Source records:

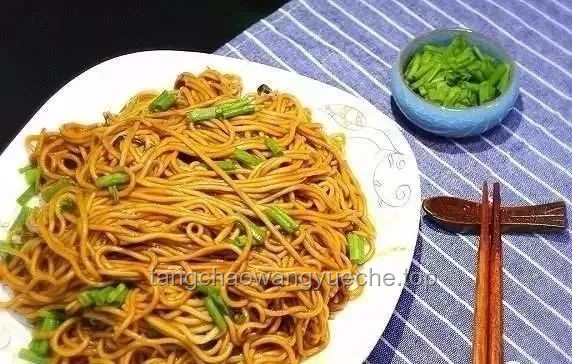 大學(xué)生就業(yè)指導(dǎo)：蔥燒大排速變蔥油拌面，一菜兩吃超實用！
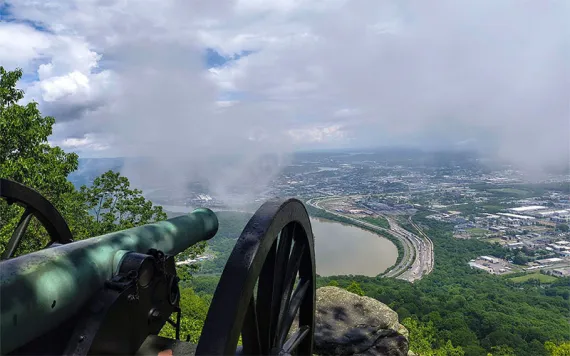 A Confederate cannon located in Point Park on the grounds of Lookout Mountain Battlefield overlooking Chattanooga and the Tennessee River.
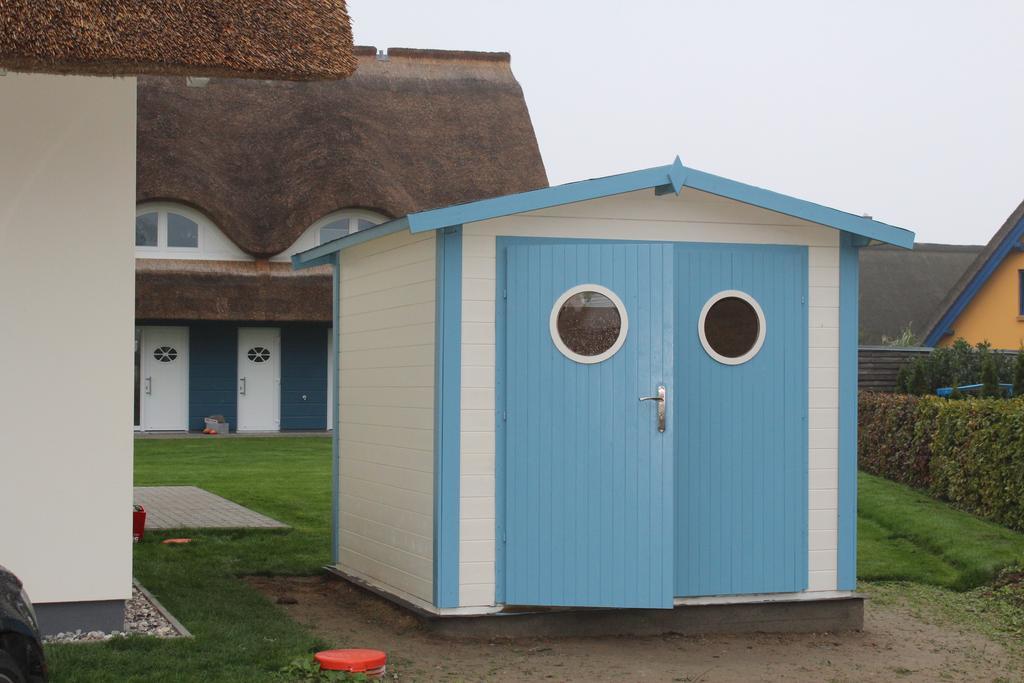 Reetdachhaeuser Boergerende Luaran gambar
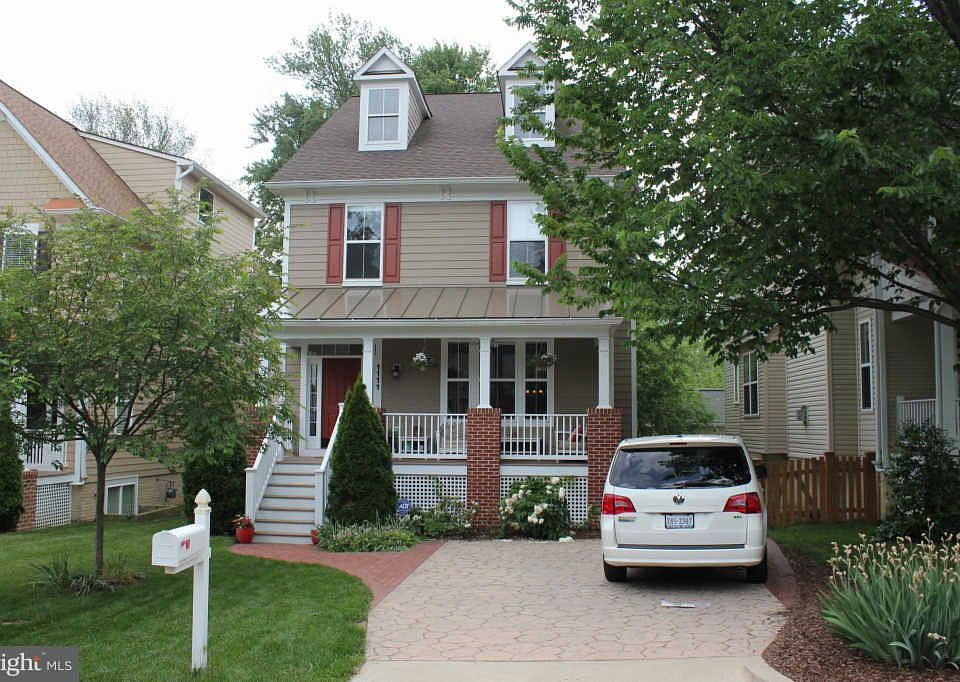 1st image of 1111 Lincoln Ave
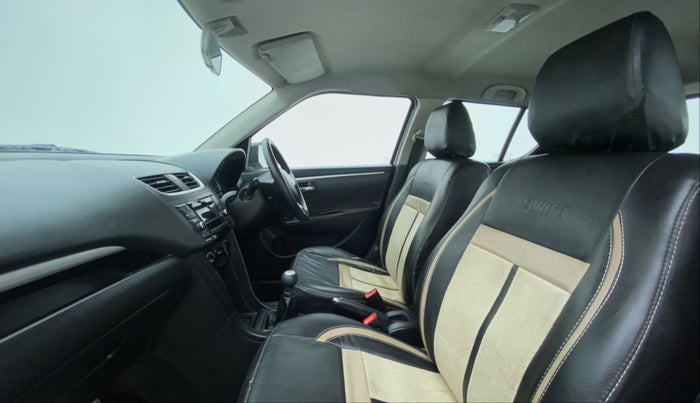 2017 Maruti Swift VXI, Petrol, Manual, 36,836 km, Right Side Front Door Cabin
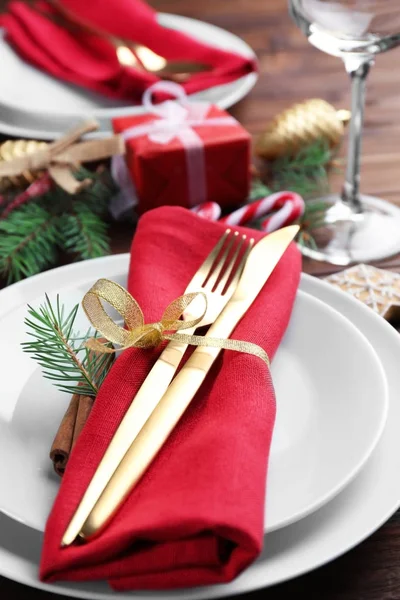 Table setting for Christmas dinner — Stock Photo, Image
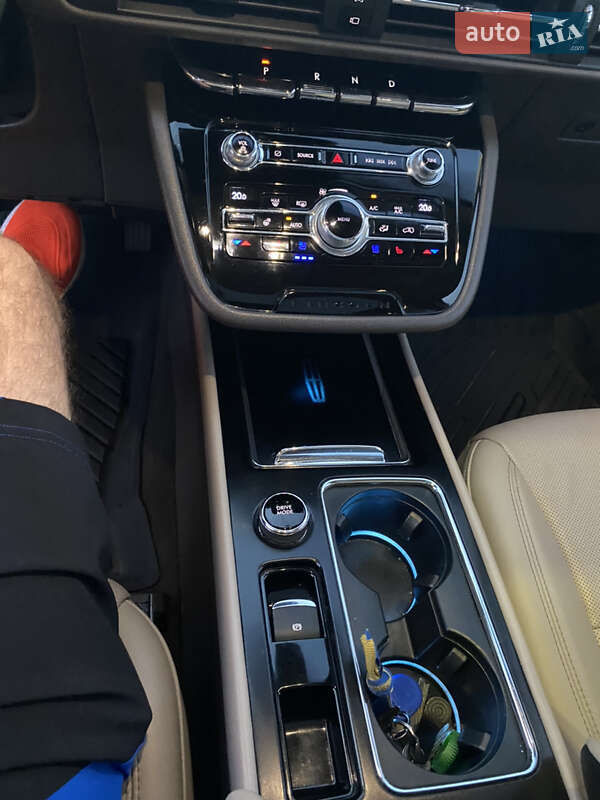 Lincoln Corsair 2019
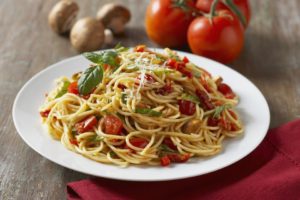 Спагетти карбонара с помидорами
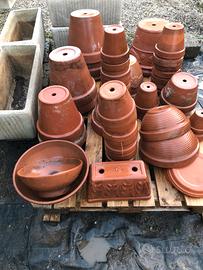 Vasi in terracotta e cemento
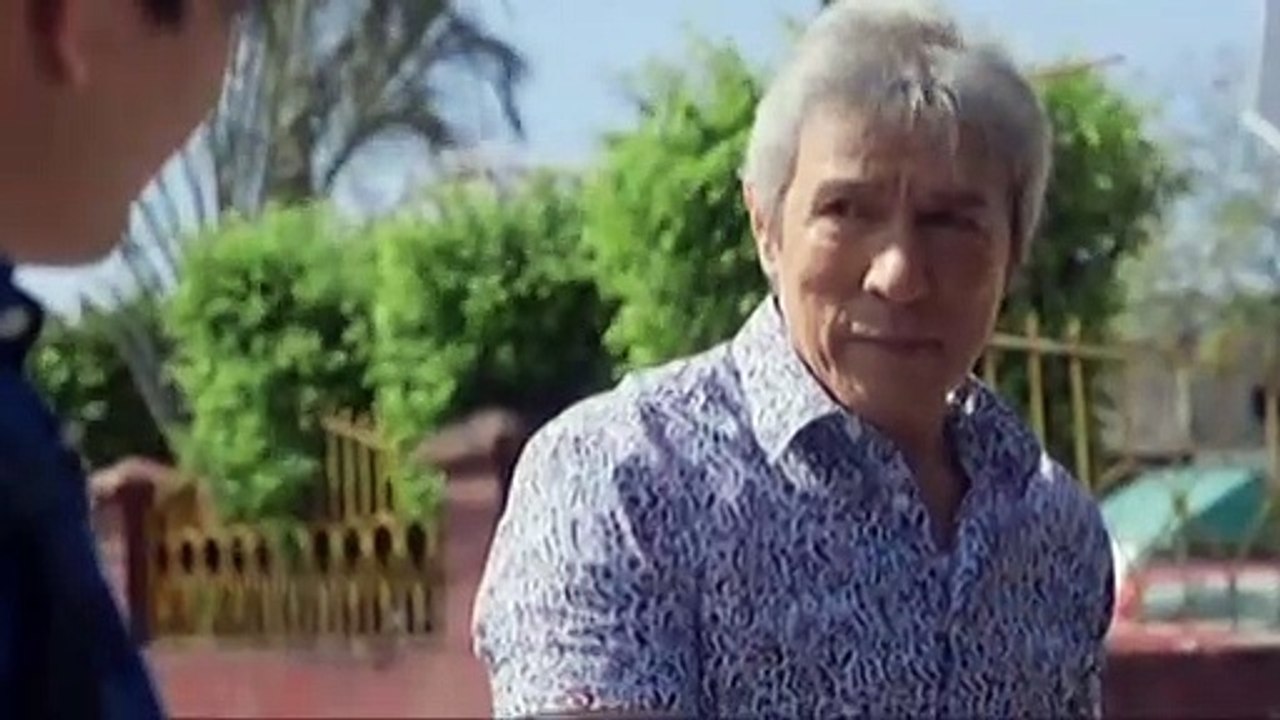 Joey, tinulungan ang isang lalaki na nasiraan ng sasakyan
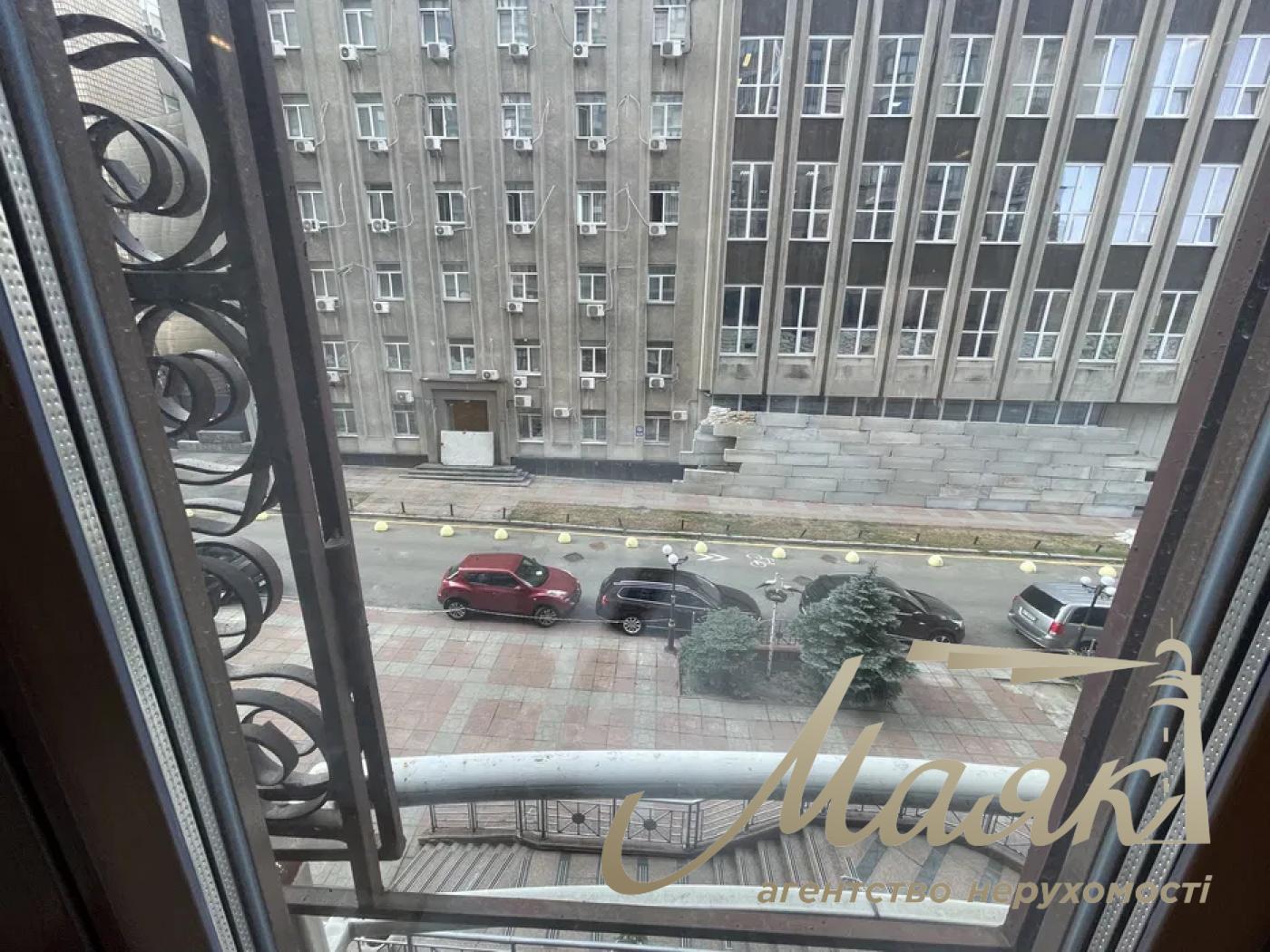Оренда 4к квартири (217м²) по вул. Паторжинського 14, Центр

Task details: The expected output is an exact retyping of the lines from the line with "Lincoln Corsair 2019" through the last line of the data, with both ends kept and the pictures dropped.

Written solution:
 Lincoln Corsair 2019
 Спагетти карбонара с помидорами
 Vasi in terracotta e cemento
 Joey, tinulungan ang isang lalaki na nasiraan ng sasakyan
Оренда 4к квартири (217м²) по вул. Паторжинського 14, Центр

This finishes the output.